Task objective:
Starting at the line below with "Low current spintronics" and stopping at the line with "Apartment in Las Esmeraldas, Caracas – 19", please print each line exactly, those two included, and skip every picture.

Exercise data:
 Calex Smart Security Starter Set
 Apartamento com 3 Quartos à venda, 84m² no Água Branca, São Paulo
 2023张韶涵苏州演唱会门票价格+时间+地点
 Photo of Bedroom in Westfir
* * *
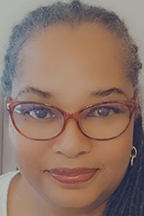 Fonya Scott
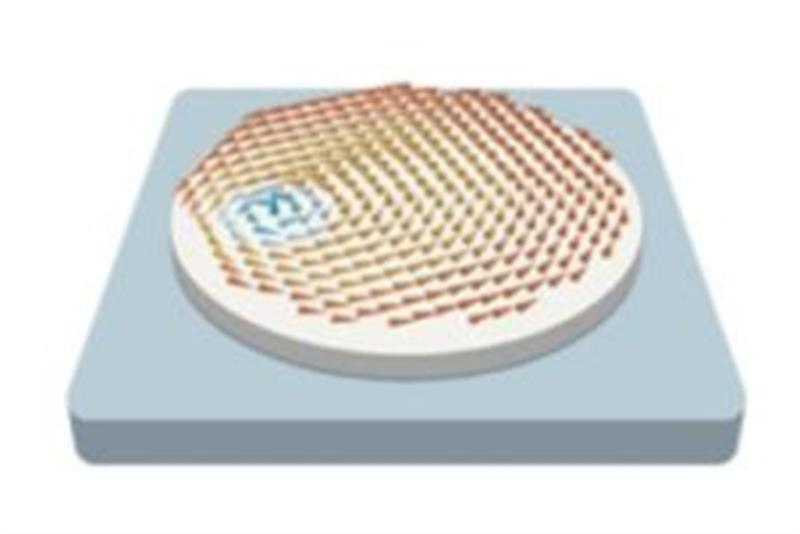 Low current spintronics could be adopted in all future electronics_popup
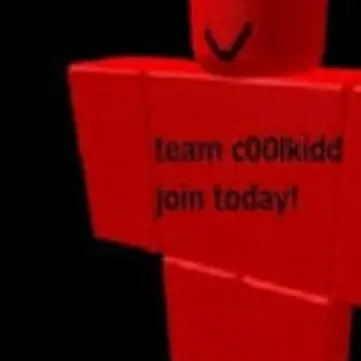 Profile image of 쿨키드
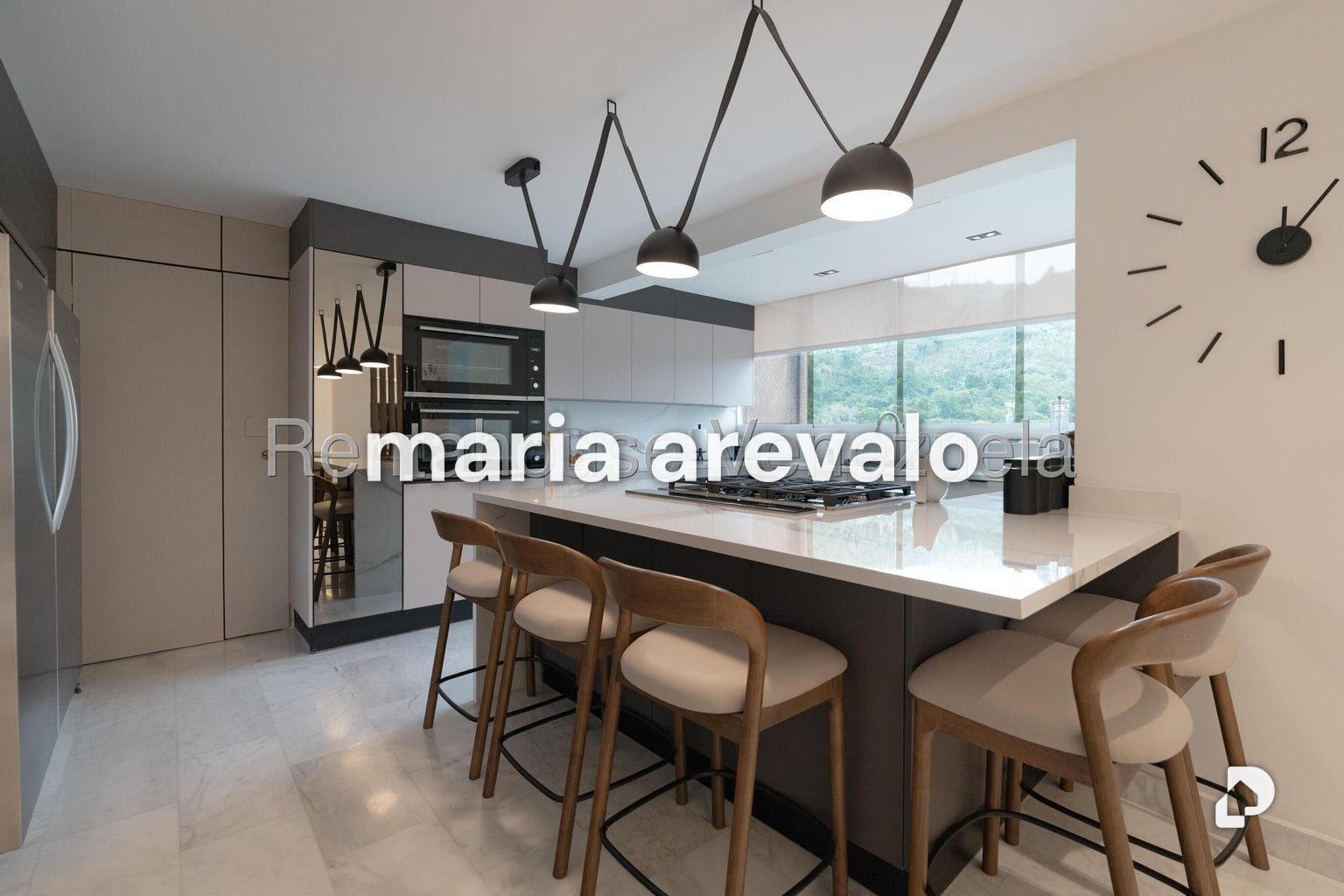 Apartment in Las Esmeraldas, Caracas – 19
---
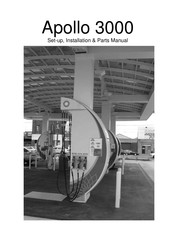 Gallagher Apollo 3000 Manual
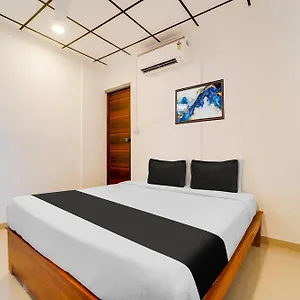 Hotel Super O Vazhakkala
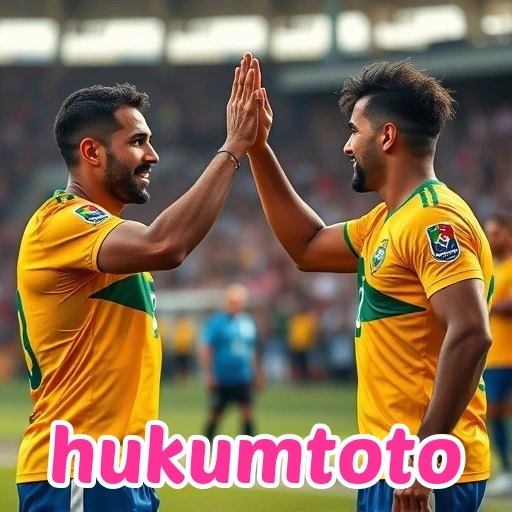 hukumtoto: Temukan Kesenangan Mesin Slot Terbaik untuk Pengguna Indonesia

Answer space:
 Low current spintronics could be adopted in all future electronics_popup
 Profile image of 쿨키드
 Apartment in Las Esmeraldas, Caracas – 19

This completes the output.